## Aim of the exercise
Beneath this line sits some data. Return only its lines from the one holding "Libros de segunda" through the one holding "Incarcator de retea", inclusive, exactly, with the images removed.

## Records provided
BEGIN
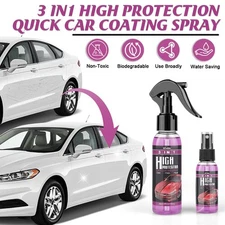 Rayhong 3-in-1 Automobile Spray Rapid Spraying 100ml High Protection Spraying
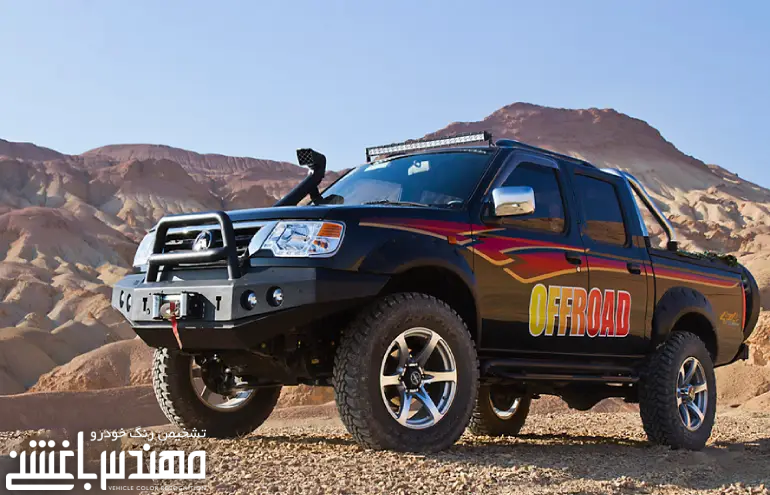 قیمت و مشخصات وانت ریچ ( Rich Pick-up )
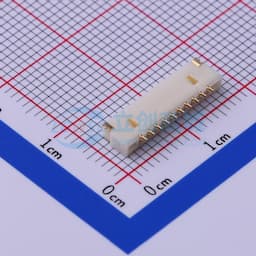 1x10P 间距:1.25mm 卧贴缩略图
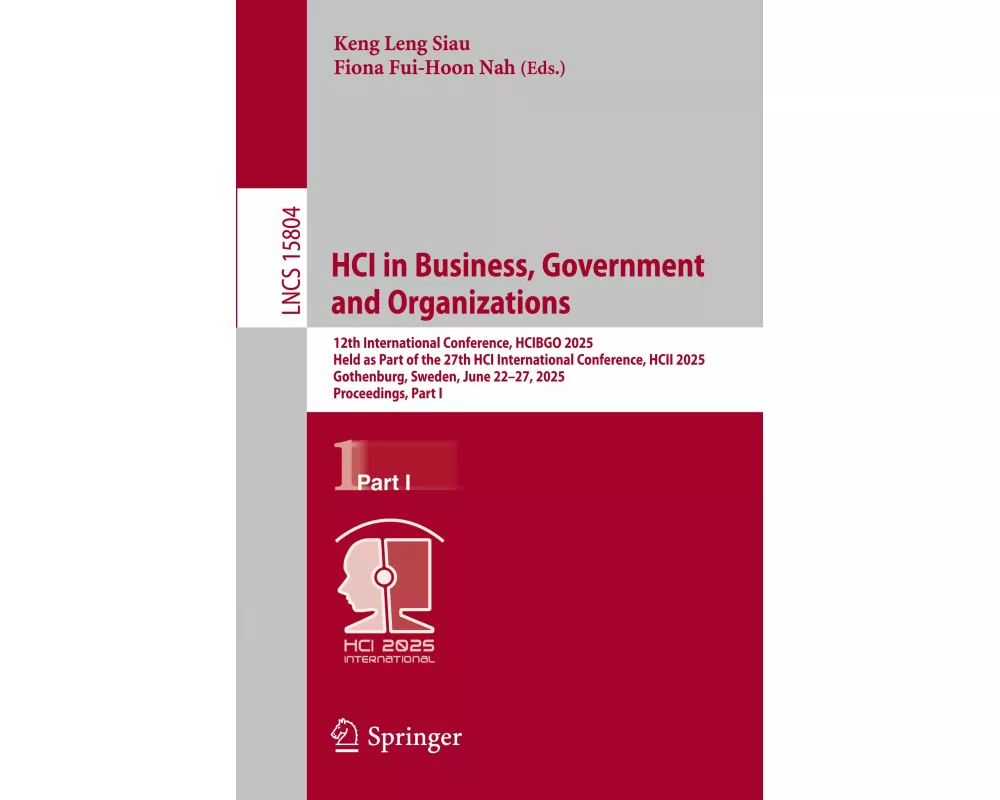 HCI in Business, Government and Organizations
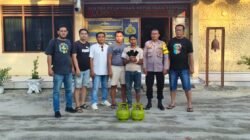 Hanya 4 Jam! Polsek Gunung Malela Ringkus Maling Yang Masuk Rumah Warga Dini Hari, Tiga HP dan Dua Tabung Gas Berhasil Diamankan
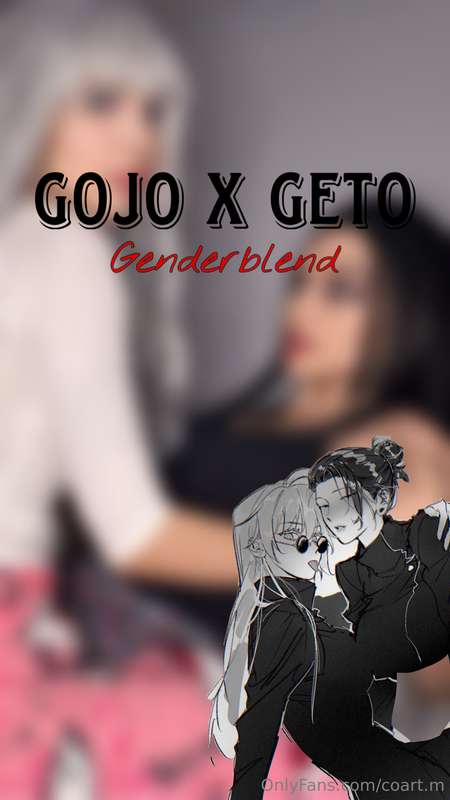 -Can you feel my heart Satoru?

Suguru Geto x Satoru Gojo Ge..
END
BEGIN
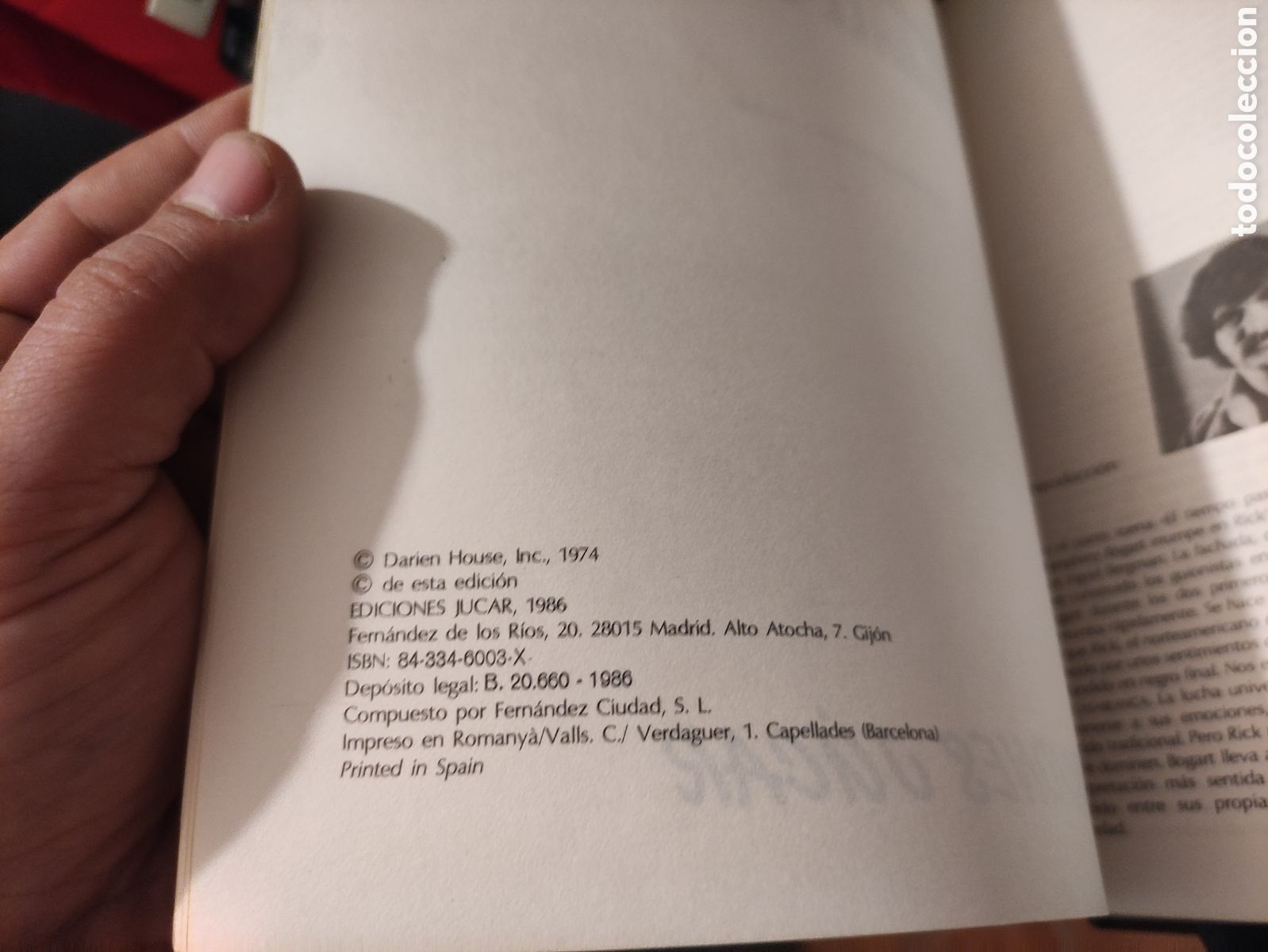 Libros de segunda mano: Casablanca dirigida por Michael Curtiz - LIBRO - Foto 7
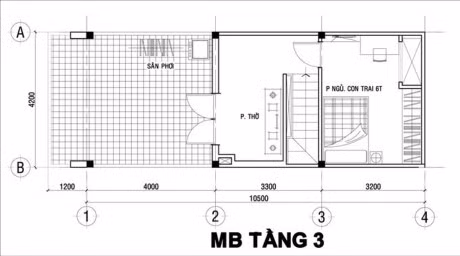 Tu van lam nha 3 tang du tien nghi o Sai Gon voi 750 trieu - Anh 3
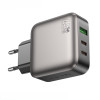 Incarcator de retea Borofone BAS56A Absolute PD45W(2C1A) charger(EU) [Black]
END
## Answer to this problem
 Libros de segunda mano: Casablanca dirigida por Michael Curtiz - LIBRO - Foto 7
 Tu van lam nha 3 tang du tien nghi o Sai Gon voi 750 trieu - Anh 3
 Incarcator de retea Borofone BAS56A Absolute PD45W(2C1A) charger(EU) [Black]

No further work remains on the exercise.